FCEV uses a system similar to BEV. However, there are several important factors that differentiate FCEV from BEV.
In a BEV, electricity is stored in the car’s battery. But in FCEV, the electricity used to drive the car is generated from chemical processes in the fuel cell. FCEV uses hydrogen as an energy source to generate electricity from the fuel cell system.
Interestingly, the FCEV produces pure water or H2O in the process generating electricity to propel the vehicle. In terms of charging, FCEV takes much shorter time than BEV. It only takes about 4 minutes with a distance of up to 400 kilometers.
BEV requires a longer charging time by using charging equipment connected to a wall outlet. Generally, the charging time takes more than 6 hours.
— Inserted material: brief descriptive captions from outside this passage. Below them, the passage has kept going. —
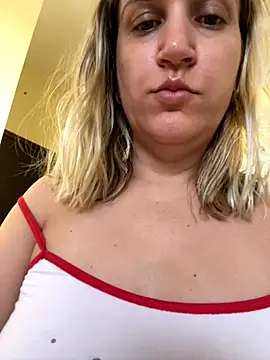 Bia_sexynovaes live sex cam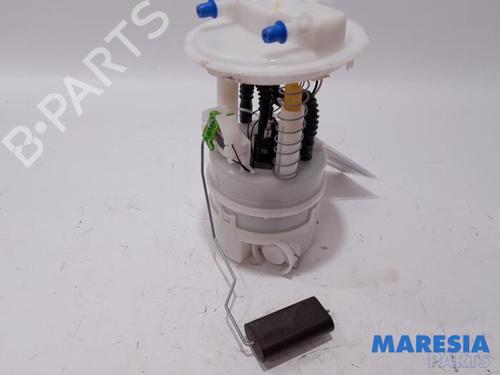 Used Fuel pump RENAULT CAPTUR I (J5_, H5_) 0.9 TCe 90 (90 hp) 31440043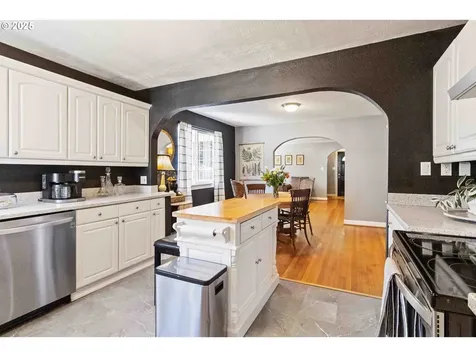 567 20th Avenue Longview WA 98632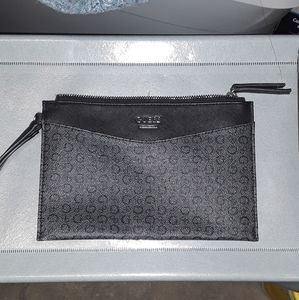 Guess Wristlet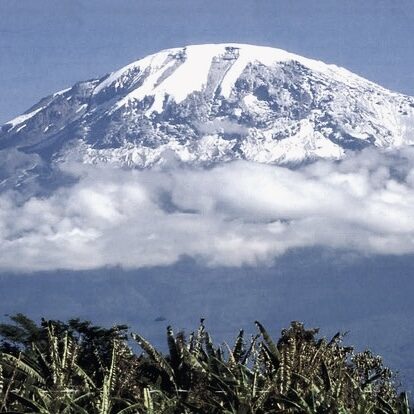 Blick zum Kilimanjaro (Kilimandscharo) - höchster Berg Afrikas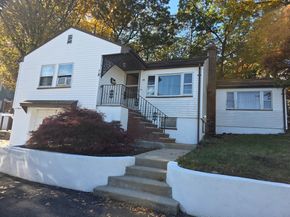 78 Cushing Rd, Malden MA 02148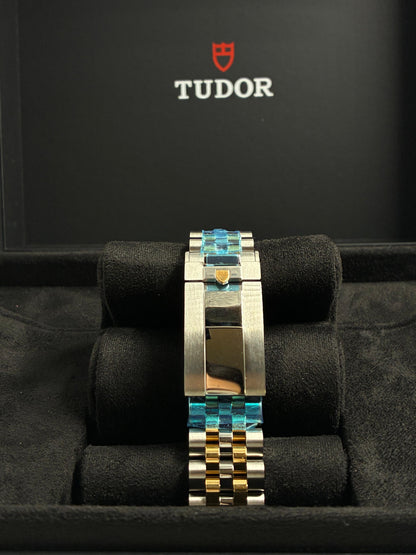 Tudor Black Bay 79643-0005 Champagne 2025
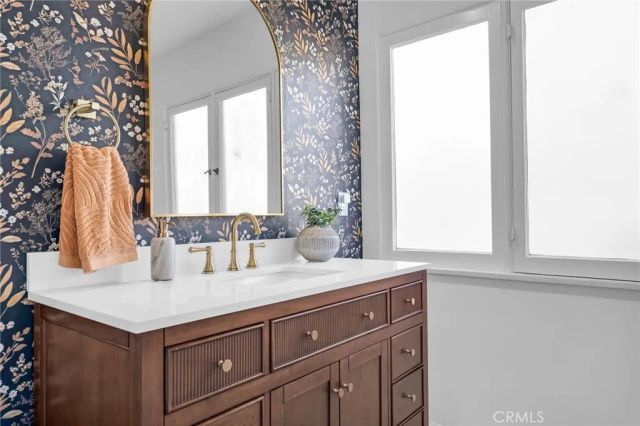 869 Cumberland Road, Glendale, CA 91202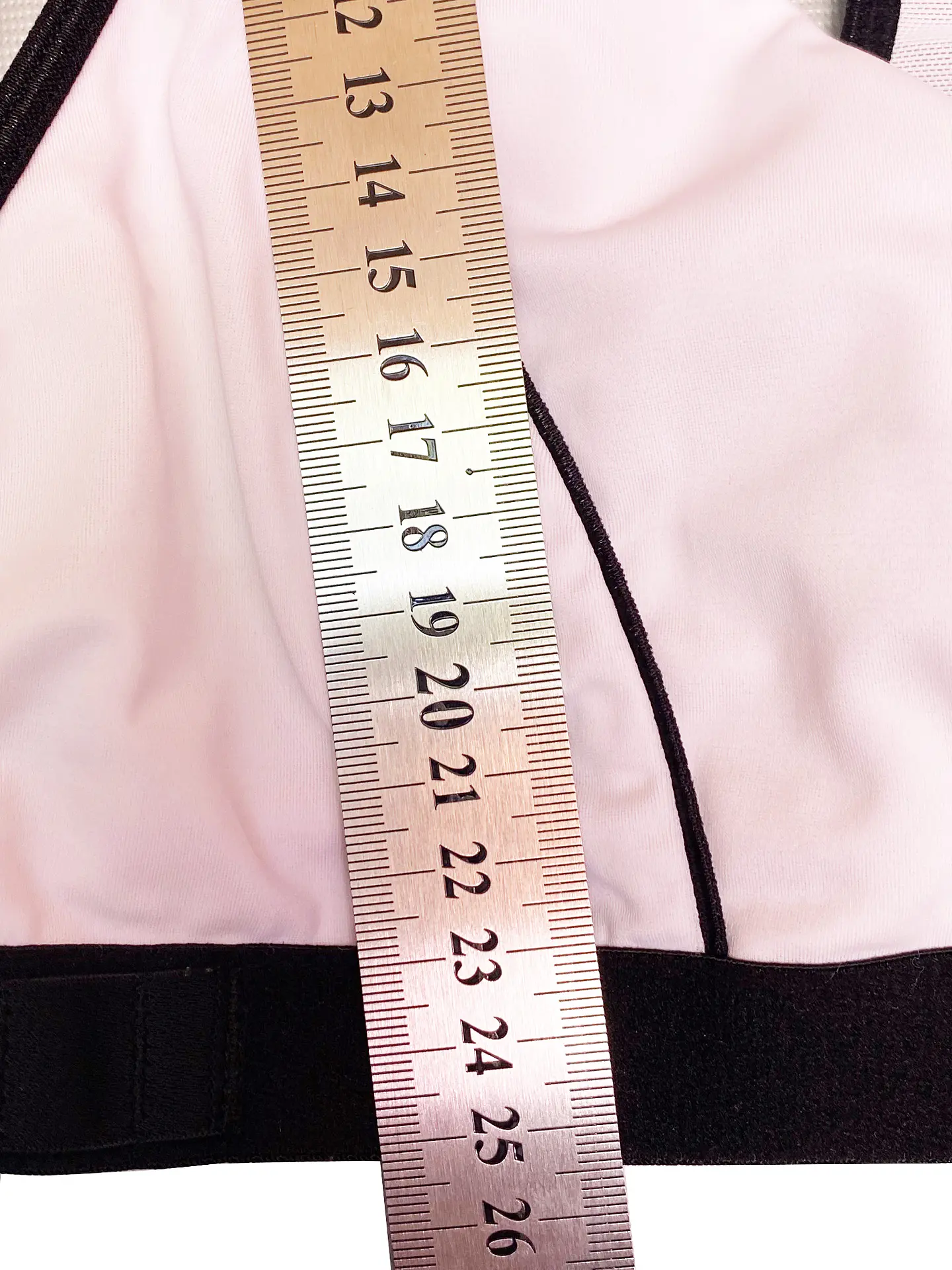Peto Deportivo Marika con Tecnología Coolmax – Blanco y Negro (Talla M) 16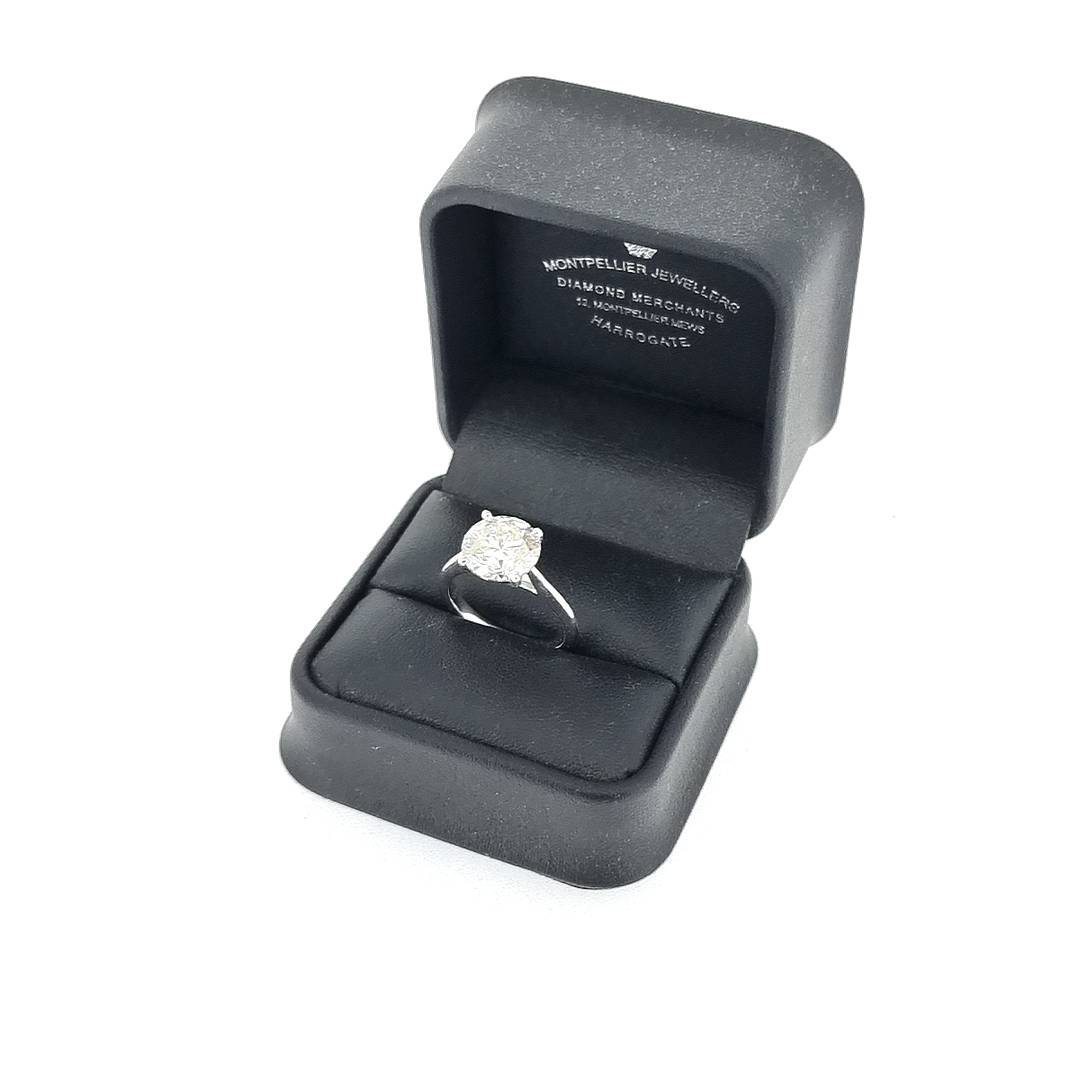 6.01ct H/I1 Round Brilliant Cut Diamond Solitaire set in Platinum - Montpellier Jewellers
While the FCEV, the power is obtained from pure hydrogen gas stored in a tank on the car. This is what makes the FCEV charging time not long, even almost the same as when refueling a conventional car.
Then, FCEVs are also usually embedded with various technologies to increase the efficiency of electricity use.
For example, a regenerative braking system that can store the energy used when braking is done, to then be stored in the battery.
Until now, the choice of FCEV is still very limited. But in the future, there may be developments along with the development of supporting infrastructure for FCEV.